Last year we purchased a nine-foot tree and had a fairly happy time setting it up, engaging even the children’s friends. But now that the novelty of moving into a new place had worn off, I am back to the usual holiday lethargy—wishing, instead, that the season were over and that everything would get back to normal, whatever normal may mean. Now I don’t even know where I stored all the décor after I had put them away.

I have plenty of reasons to feel this way.

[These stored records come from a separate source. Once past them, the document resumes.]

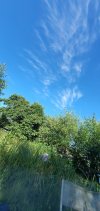 20220710_172621.jpg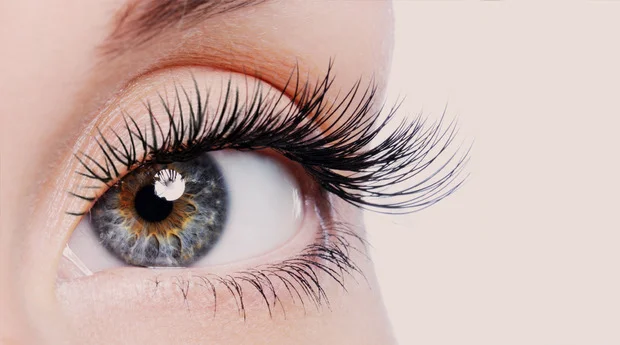 430408-bella-lash.jpg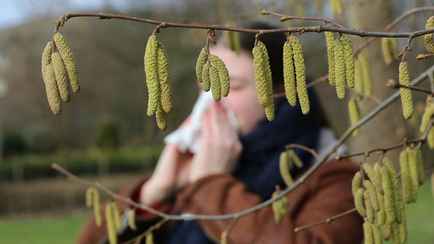Как аллергикам пережить весенний поллиноз? А без таблеток можно? Объяснил врач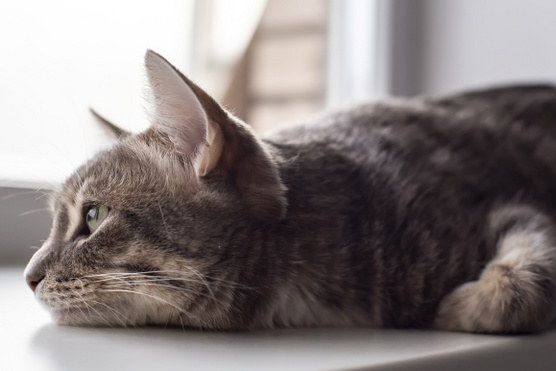 5 jel, amiből kiderül, ha depressziós a macskád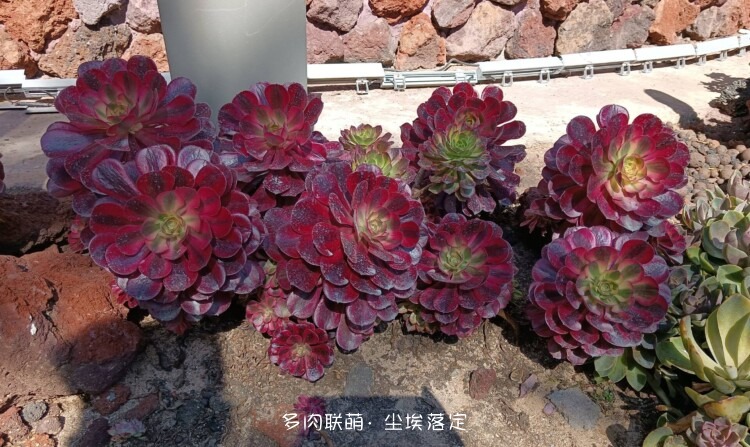 昆明随拍多肉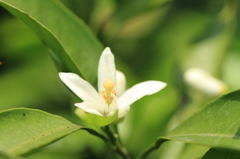 ミカンの花が～♪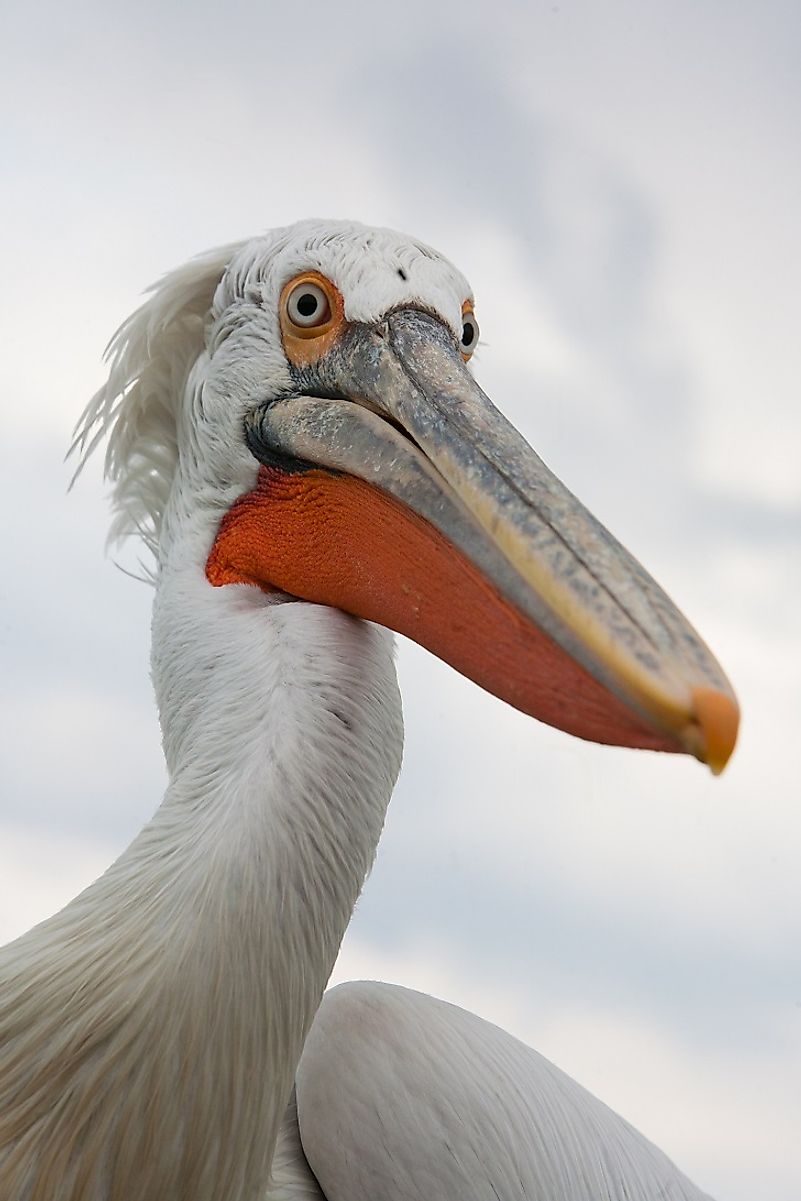 This Dalmatian Pelican gets up close and personal with the camera in the Lake Kerkini area of Greece.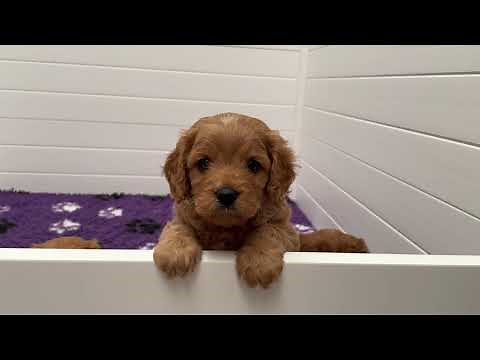 ADORABLE Cavoodle Puppies being very very cute 🤗💕🐶🐶🐶🐶💕 #teddybearcavoodles #cutepuppyvideos #puppy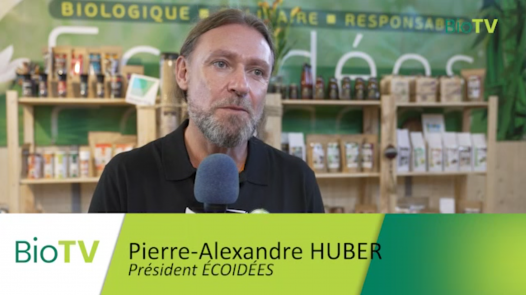 ECOIDEES.png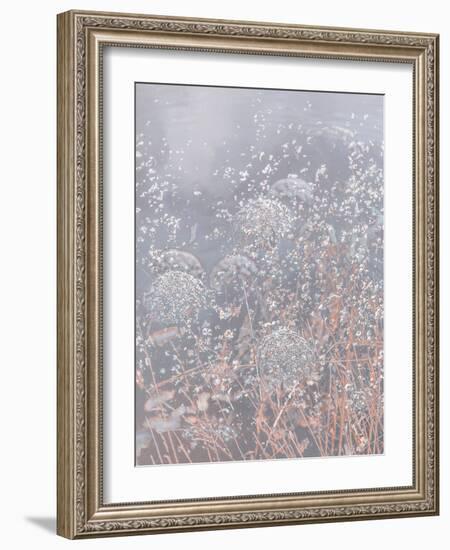 Meadow Dream-Doug Chinnery-Framed Photographic Print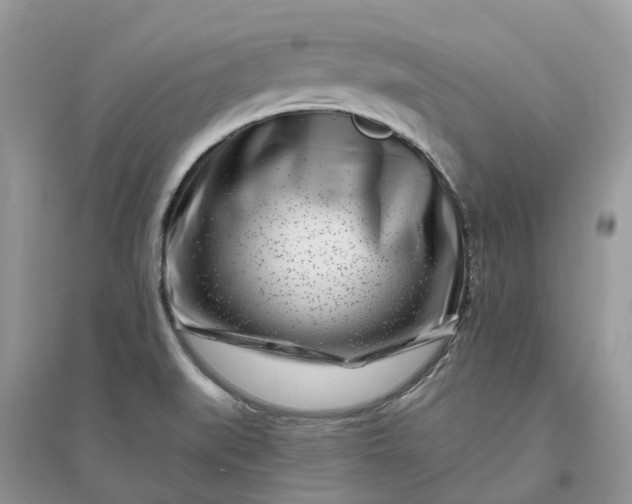 X0000096171519200802011307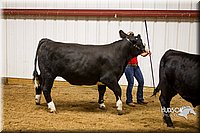 LCF13-2976.jpg
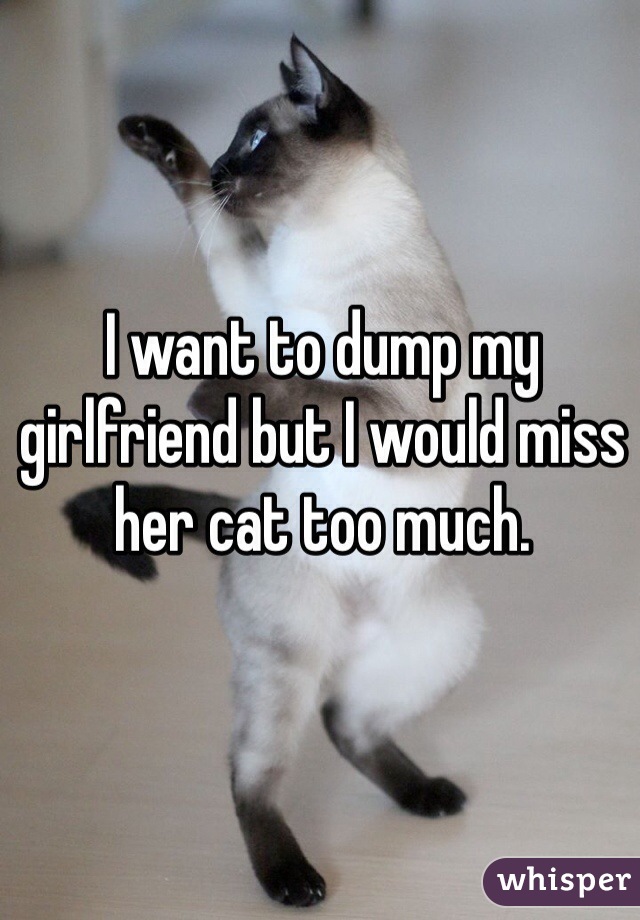 I want to dump my girlfriend but I would miss her cat too much.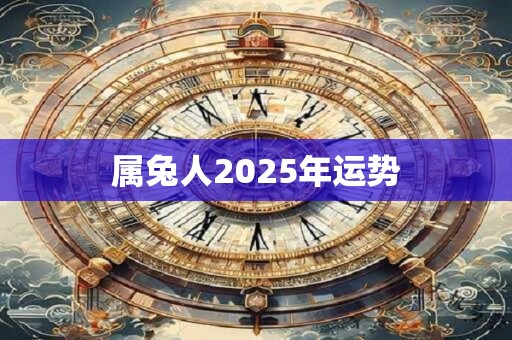 属兔人2025年运势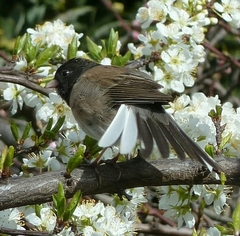 Junco hyemalis
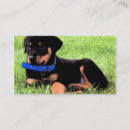 Suche nach rottweiler visitenkarten Tier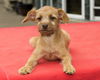 Jolee--Cute wirey girl--N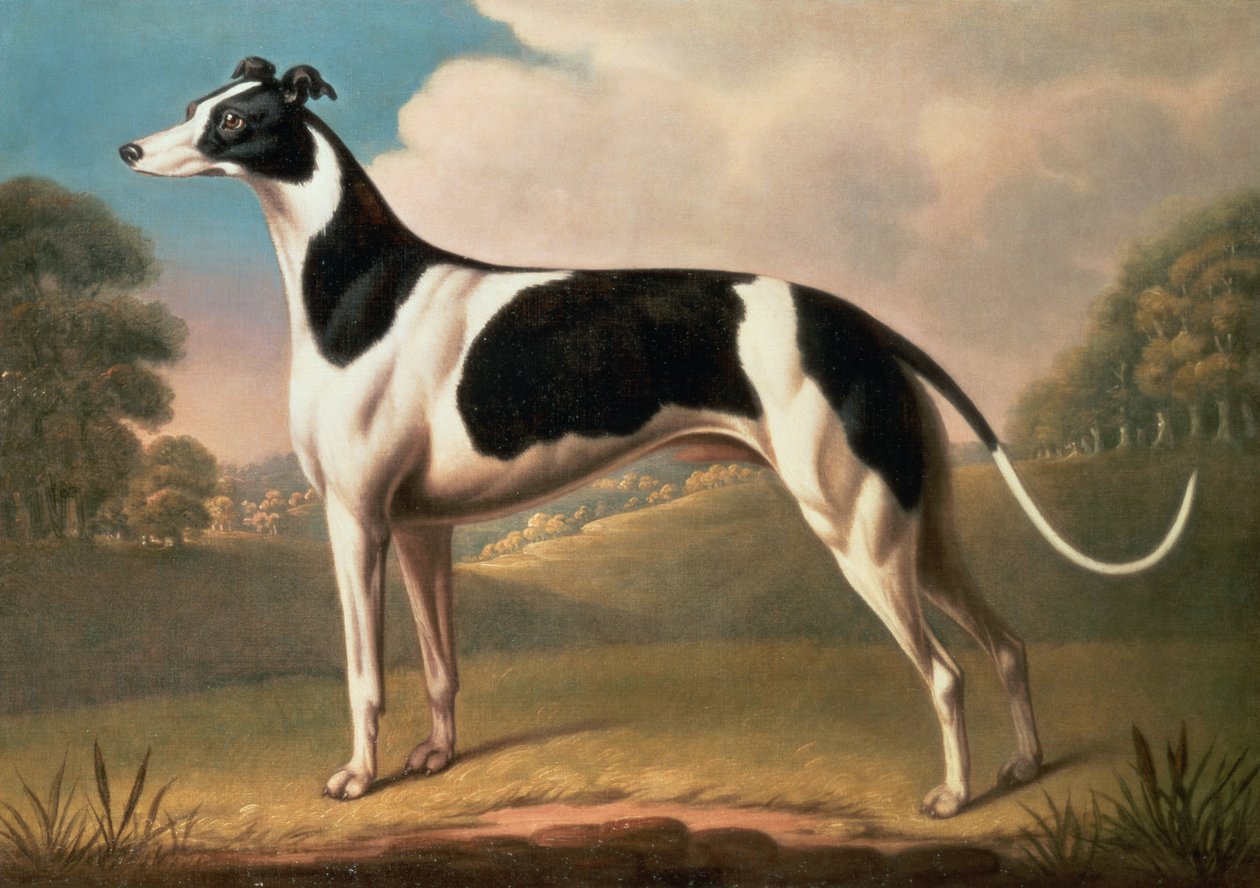 Lévrier - Benjamin Killingbeck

First is the sorry state of transportation. Getting from one place to another is oppressive as it is at any time of the year and at any time of day. Everything gets magnified tenfold in December. For a good 10-11 kilometer distance, one has to set aside a good two hours one way. It’s decidedly longer for those who take buses or trains. What alternatives do you have? Boorish cab drivers who demand extra payment before they consider taking you in and who have no qualms turning you away when you are not headed in the direction they are taking. You turn to either Grab or Uber–but the surges, even late at night when you’ve killed time at the office and found ways to be productive, or binge watch your favorite series, can still make you cry.

Second is the pressure to give presents. I do not mean the people who are truly close to us, to whom we want to give tokens of friendship or love or gratitude, and who will definitely feel happy and appreciated with a well-thought-out gift. I mean instead the mad rush to the malls just picking up something—anything—because turning up empty-handed does not help spread the holiday cheer.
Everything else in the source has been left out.